What the task requires. Every line from the start of the records below to the line containing "How To Make Wudu For" should be retyped exactly, that line included, and no others.

The input.
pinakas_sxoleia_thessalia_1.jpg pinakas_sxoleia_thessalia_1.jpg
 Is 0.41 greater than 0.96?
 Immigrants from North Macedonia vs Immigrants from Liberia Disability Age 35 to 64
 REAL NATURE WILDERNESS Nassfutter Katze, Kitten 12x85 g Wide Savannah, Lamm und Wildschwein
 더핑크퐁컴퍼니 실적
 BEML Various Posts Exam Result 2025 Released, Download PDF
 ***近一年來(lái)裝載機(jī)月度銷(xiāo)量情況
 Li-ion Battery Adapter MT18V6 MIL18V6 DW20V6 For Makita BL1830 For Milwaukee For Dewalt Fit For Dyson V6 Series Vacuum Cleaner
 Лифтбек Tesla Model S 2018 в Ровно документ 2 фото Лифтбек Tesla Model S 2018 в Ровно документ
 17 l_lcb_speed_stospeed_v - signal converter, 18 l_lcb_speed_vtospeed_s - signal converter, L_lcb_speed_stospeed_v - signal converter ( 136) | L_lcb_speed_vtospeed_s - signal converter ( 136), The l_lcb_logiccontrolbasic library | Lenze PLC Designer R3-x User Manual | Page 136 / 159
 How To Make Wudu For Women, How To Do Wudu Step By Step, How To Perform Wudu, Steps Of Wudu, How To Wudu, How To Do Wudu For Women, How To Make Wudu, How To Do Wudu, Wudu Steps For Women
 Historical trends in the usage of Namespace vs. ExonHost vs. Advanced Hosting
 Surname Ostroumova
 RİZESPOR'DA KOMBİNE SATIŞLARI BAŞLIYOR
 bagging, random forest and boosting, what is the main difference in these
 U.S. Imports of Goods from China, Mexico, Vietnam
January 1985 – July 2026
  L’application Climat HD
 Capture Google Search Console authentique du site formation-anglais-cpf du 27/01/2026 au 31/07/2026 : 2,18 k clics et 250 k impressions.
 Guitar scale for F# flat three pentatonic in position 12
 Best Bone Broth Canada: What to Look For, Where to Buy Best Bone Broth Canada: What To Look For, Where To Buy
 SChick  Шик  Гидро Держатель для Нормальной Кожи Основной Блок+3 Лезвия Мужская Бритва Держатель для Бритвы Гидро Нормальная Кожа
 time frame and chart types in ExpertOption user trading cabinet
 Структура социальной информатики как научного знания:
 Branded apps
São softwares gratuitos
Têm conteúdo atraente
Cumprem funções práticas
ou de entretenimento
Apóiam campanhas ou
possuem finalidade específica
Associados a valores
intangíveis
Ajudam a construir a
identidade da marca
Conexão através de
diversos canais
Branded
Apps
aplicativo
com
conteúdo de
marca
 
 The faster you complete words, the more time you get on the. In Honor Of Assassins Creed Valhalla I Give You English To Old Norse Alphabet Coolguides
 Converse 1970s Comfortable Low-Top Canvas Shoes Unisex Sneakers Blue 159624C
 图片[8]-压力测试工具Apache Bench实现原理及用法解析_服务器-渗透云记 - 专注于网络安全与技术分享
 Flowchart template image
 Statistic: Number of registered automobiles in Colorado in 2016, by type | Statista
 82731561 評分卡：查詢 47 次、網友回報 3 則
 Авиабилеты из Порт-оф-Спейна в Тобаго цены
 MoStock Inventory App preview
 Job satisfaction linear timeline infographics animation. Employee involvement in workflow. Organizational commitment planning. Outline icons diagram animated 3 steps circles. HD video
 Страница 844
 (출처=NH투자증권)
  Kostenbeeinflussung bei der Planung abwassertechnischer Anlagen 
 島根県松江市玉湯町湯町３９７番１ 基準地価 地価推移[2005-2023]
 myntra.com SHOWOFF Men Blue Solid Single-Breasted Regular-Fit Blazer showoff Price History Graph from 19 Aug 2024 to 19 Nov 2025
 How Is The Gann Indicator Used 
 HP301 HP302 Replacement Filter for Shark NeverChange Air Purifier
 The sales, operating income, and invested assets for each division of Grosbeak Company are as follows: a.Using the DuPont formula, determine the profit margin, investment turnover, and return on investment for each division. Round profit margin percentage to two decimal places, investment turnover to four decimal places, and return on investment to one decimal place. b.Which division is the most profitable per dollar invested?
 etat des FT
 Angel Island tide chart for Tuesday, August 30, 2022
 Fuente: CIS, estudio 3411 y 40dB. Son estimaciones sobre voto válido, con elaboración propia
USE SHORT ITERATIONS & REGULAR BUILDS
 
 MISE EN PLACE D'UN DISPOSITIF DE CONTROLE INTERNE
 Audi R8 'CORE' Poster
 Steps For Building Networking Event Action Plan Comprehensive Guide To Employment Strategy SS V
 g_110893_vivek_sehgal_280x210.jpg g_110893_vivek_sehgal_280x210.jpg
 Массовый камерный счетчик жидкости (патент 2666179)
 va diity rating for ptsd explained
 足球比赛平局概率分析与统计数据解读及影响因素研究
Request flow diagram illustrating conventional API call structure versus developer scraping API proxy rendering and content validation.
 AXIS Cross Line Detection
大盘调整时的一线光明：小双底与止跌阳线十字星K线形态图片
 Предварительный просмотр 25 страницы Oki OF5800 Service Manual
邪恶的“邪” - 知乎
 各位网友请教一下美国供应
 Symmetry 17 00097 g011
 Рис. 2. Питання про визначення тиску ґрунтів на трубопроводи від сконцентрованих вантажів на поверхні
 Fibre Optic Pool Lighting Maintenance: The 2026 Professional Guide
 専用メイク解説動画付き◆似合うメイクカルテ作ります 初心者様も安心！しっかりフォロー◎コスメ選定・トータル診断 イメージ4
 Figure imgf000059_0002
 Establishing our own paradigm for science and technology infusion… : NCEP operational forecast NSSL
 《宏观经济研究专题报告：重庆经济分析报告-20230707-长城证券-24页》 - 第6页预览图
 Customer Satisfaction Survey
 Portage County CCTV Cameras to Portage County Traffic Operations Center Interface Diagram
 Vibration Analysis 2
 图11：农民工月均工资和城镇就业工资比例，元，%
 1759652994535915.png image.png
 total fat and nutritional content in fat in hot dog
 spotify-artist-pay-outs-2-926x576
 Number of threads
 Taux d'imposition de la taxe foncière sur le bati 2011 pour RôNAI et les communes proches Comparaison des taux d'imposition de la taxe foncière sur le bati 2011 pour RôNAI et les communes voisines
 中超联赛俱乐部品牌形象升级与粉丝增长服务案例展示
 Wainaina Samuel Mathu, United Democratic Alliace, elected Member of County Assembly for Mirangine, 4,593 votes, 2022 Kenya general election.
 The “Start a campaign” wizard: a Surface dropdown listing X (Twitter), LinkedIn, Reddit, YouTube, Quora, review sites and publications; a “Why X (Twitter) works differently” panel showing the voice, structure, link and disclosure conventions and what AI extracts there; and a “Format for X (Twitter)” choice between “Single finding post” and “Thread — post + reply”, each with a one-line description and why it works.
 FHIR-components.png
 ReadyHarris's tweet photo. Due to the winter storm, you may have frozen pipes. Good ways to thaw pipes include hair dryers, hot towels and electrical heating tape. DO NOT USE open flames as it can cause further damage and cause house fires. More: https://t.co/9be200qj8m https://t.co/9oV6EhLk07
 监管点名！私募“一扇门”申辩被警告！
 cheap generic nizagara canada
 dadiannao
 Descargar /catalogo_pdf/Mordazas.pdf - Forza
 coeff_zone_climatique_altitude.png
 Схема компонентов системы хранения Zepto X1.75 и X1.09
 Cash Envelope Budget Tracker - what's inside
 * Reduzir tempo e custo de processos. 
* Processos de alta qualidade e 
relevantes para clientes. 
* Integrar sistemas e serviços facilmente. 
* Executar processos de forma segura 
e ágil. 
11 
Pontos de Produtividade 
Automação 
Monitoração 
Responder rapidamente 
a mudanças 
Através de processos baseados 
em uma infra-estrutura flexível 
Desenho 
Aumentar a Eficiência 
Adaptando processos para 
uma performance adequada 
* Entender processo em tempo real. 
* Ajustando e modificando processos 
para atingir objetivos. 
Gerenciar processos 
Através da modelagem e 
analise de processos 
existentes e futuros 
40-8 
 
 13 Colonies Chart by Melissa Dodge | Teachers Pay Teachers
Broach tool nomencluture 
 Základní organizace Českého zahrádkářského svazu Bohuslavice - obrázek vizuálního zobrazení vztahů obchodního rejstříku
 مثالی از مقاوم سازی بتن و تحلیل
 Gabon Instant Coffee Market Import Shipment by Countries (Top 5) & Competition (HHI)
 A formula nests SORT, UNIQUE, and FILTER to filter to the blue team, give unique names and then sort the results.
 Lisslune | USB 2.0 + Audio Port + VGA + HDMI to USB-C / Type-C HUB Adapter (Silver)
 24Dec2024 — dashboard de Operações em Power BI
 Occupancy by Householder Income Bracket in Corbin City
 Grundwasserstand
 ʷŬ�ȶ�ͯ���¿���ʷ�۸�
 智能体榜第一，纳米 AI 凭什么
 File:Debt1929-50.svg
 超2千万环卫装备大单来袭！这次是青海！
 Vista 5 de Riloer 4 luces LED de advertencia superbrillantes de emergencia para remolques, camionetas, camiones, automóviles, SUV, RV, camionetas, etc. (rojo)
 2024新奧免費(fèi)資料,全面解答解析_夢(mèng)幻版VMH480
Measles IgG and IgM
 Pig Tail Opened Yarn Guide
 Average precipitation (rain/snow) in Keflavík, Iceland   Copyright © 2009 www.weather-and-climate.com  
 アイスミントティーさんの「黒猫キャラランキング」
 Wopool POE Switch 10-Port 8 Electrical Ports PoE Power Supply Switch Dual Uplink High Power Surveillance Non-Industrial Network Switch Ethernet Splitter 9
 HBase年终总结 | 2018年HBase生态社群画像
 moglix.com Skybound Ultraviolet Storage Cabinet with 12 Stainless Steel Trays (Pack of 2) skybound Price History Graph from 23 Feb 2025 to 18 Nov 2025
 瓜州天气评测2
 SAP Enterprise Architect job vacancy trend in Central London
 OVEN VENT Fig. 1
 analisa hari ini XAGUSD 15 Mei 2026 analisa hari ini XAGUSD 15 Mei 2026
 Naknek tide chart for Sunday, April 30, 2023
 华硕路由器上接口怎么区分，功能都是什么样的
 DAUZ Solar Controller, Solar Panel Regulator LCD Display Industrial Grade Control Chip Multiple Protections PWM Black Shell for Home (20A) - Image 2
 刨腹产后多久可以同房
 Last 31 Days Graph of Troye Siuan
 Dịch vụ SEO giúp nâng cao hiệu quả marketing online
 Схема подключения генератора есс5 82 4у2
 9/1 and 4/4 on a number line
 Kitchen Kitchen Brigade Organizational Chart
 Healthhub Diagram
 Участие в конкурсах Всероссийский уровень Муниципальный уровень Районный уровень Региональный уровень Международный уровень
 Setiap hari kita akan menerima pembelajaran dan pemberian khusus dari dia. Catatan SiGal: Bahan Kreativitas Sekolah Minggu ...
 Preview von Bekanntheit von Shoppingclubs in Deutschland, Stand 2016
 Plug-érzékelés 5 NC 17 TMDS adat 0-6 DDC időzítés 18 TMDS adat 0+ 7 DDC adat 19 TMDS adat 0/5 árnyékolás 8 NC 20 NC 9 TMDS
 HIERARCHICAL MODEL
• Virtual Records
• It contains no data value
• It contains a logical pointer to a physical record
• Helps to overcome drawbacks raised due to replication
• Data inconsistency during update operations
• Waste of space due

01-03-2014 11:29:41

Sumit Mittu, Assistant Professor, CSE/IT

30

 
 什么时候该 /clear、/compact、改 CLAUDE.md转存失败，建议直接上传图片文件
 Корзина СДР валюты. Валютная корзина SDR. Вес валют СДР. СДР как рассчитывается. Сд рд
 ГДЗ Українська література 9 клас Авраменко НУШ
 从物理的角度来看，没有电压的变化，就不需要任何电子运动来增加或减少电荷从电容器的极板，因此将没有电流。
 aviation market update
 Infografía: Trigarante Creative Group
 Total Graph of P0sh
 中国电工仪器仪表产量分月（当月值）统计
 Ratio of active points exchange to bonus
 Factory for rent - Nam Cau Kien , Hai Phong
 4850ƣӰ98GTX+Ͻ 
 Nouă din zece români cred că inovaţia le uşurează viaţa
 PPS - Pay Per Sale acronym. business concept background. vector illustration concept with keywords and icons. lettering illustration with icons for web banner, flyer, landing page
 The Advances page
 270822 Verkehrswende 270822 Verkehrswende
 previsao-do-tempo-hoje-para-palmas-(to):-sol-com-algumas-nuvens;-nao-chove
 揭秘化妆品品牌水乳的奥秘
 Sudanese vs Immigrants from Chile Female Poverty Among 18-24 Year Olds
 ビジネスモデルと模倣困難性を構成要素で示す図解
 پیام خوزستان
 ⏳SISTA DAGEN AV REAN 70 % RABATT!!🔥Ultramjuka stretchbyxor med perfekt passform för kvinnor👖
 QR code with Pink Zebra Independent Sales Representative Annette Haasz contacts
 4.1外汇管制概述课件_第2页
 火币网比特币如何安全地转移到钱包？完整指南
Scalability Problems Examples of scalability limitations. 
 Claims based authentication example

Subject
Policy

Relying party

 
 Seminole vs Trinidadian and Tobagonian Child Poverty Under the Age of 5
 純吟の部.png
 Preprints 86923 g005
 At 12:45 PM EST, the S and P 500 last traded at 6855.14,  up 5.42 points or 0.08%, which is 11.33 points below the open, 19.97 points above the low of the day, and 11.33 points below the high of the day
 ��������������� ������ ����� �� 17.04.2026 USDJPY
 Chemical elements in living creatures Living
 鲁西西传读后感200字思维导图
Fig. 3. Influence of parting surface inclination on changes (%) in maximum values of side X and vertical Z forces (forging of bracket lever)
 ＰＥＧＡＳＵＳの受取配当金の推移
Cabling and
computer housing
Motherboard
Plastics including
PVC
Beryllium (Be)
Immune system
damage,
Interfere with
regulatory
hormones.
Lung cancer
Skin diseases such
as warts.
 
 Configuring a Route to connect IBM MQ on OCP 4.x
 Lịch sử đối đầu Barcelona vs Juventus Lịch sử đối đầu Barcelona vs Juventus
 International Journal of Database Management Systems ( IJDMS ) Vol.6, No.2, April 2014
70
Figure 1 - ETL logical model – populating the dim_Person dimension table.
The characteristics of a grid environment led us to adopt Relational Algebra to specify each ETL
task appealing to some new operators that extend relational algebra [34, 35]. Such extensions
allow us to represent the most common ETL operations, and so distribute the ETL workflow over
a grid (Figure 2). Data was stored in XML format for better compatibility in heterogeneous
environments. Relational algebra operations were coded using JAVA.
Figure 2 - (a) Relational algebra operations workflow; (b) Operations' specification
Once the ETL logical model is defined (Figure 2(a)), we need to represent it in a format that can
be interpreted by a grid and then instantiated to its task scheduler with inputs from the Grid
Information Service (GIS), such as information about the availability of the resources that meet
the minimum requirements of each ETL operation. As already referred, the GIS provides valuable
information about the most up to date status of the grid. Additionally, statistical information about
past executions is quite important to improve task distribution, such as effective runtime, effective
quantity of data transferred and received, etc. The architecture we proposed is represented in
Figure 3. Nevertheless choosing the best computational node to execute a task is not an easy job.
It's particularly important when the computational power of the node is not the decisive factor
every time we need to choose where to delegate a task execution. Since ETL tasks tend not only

Written answer.
pinakas_sxoleia_thessalia_1.jpg pinakas_sxoleia_thessalia_1.jpg
 Is 0.41 greater than 0.96?
 Immigrants from North Macedonia vs Immigrants from Liberia Disability Age 35 to 64
 REAL NATURE WILDERNESS Nassfutter Katze, Kitten 12x85 g Wide Savannah, Lamm und Wildschwein
 더핑크퐁컴퍼니 실적
 BEML Various Posts Exam Result 2025 Released, Download PDF
 ***近一年來(lái)裝載機(jī)月度銷(xiāo)量情況
 Li-ion Battery Adapter MT18V6 MIL18V6 DW20V6 For Makita BL1830 For Milwaukee For Dewalt Fit For Dyson V6 Series Vacuum Cleaner
 Лифтбек Tesla Model S 2018 в Ровно документ 2 фото Лифтбек Tesla Model S 2018 в Ровно документ
 17 l_lcb_speed_stospeed_v - signal converter, 18 l_lcb_speed_vtospeed_s - signal converter, L_lcb_speed_stospeed_v - signal converter ( 136) | L_lcb_speed_vtospeed_s - signal converter ( 136), The l_lcb_logiccontrolbasic library | Lenze PLC Designer R3-x User Manual | Page 136 / 159
 How To Make Wudu For Women, How To Do Wudu Step By Step, How To Perform Wudu, Steps Of Wudu, How To Wudu, How To Do Wudu For Women, How To Make Wudu, How To Do Wudu, Wudu Steps For Women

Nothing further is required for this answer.